Account receivable financing has been a longstanding and important way businesses shrink the debt on their balance sheet and expand their operational capacity. By enabling businesses to receive early payment on their outstanding invoices from a buyer/customer this financing method can also decrease the number of days of sales outstanding and free up additional capital to be used to expand the business.

However, the financing solution often offered by banks has been criticized in the past for being inflexible when it comes to supporting customers of a business with weaker credit. For some banks the risk of non-payment is a major issue when determining whether to purchase certain receivables from their clients. One solution that could ease the friction between banks and clients is trade credit insurance.

Used for ensuring the certainty of payment for a company's goods, trade credit insurance is increasingly being sought after by banks as a way of reducing the risk of onboarding buyers of their client's products and services to a particular account receivables programme. For instance, under a trade credit insurance backed programme, banks have an additional layer of due diligence on a particular customer's credit.
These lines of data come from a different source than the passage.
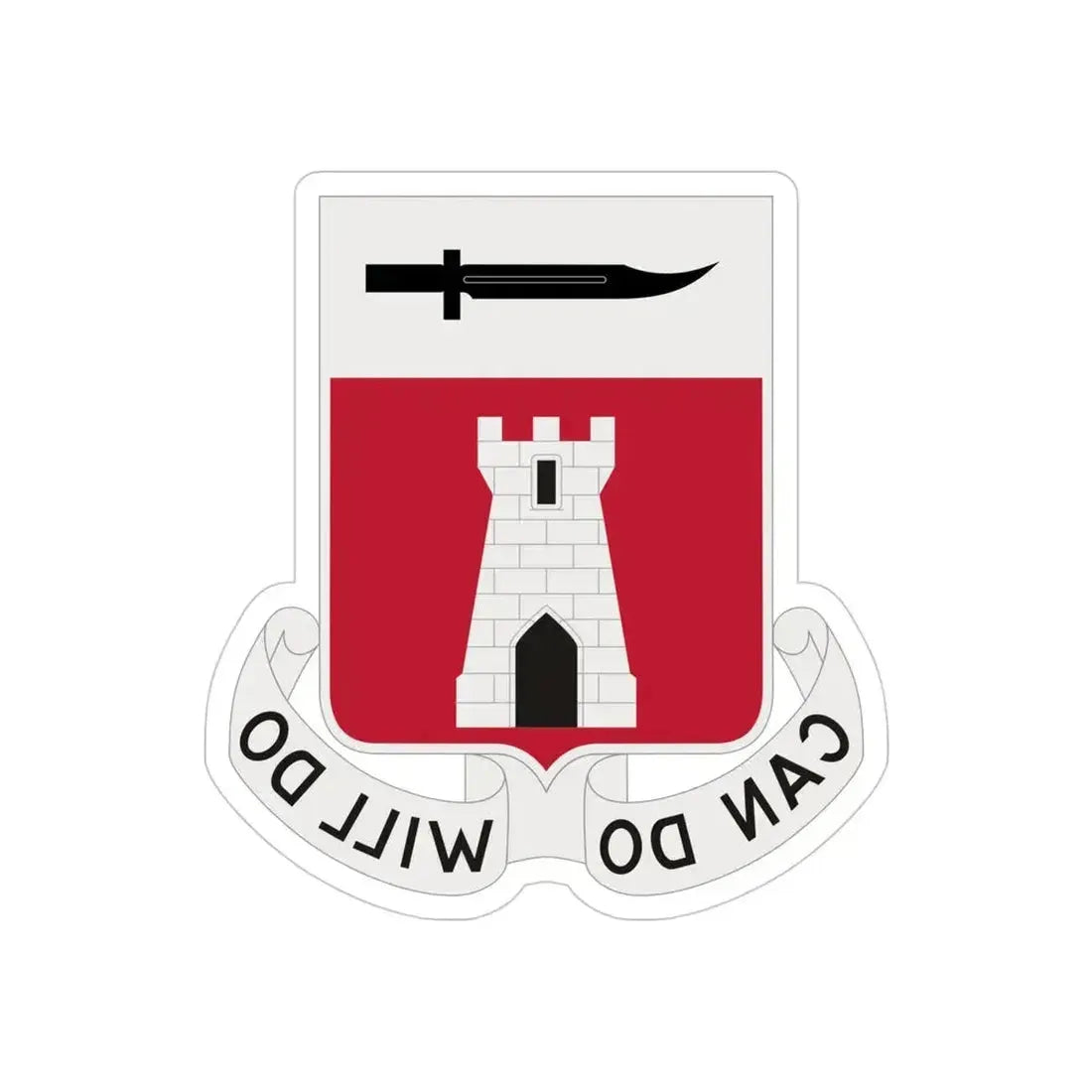 467 Engineer Battalion (U.S. Army) REVERSE PRINT Transparent Die-Cut STICKER 4 Inch Die-Cut Transparent - The Sticker Space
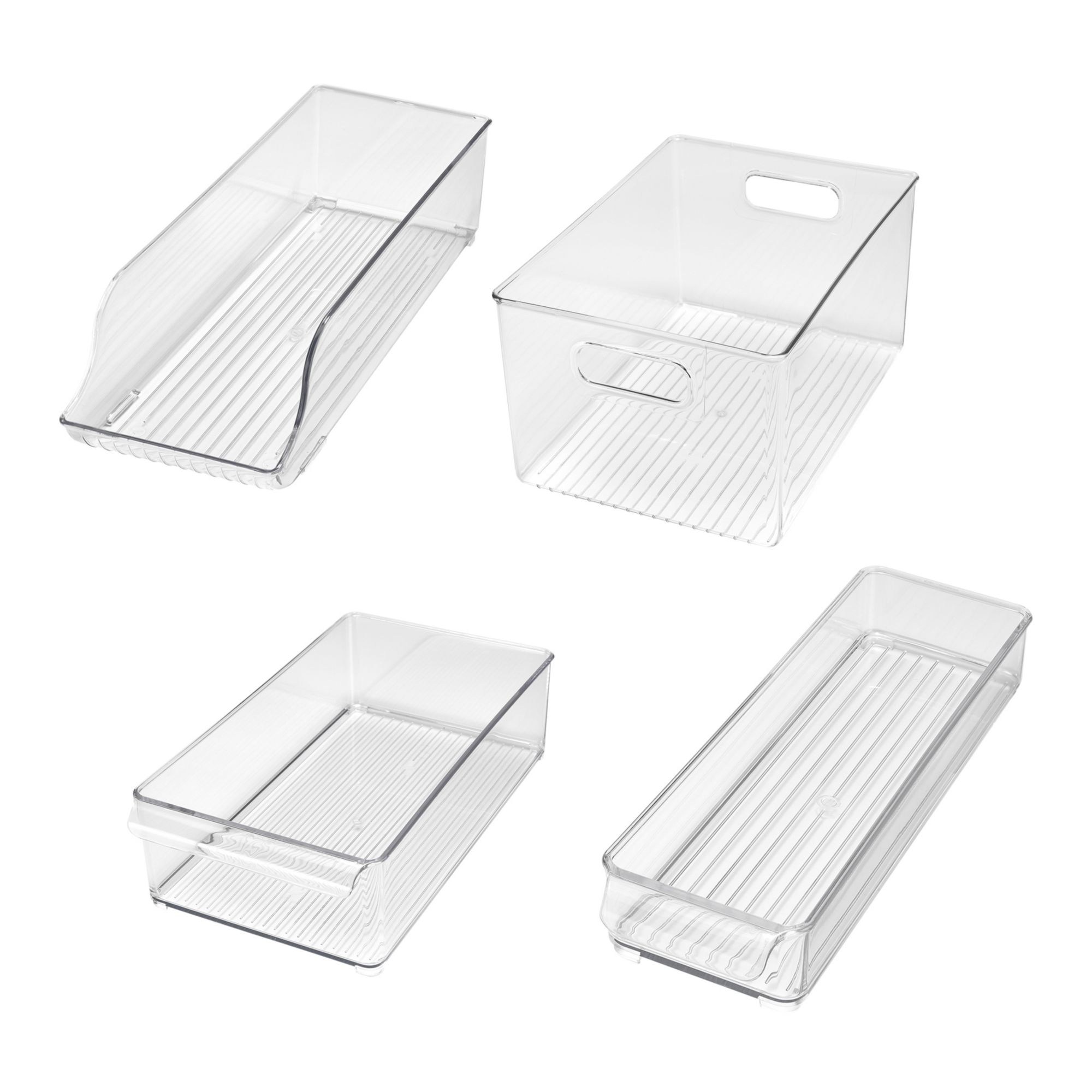 OXO 4pc Plastic Refrigerator Storage Bin Starter Set White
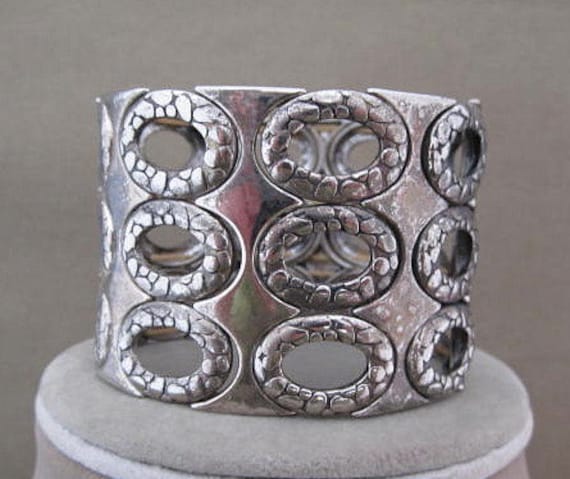 Wide Silver Metal Industrial Cuff Bracelet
For banks the key to ensuring the acceptability of a significant portion of their customer's buyers rests in their ability to arrange a number of insurance policy arrangements with a number of companies. In Asia there are several international and local companies ranging from Allianz, who oversee Euler Hermes, to Seoul-based K-Sure, operations which all have experience in insuring the risk of potential buyers.

Aside from being able to onboard previously rejected buyers, a trade credit insured account receivables programme can also speed up the process for accepting receivables since risk departments are swayed by the knowledge that the bank is only purchasing the insured receivables.

The faster decision-making process is much appreciated by a bank, which is often pressured by its client to evaluate the creditworthiness of a large set of buyers. Ultimately, an improvement in the process of setting up and executing an account receivables programme can result in an increase of the programme limit.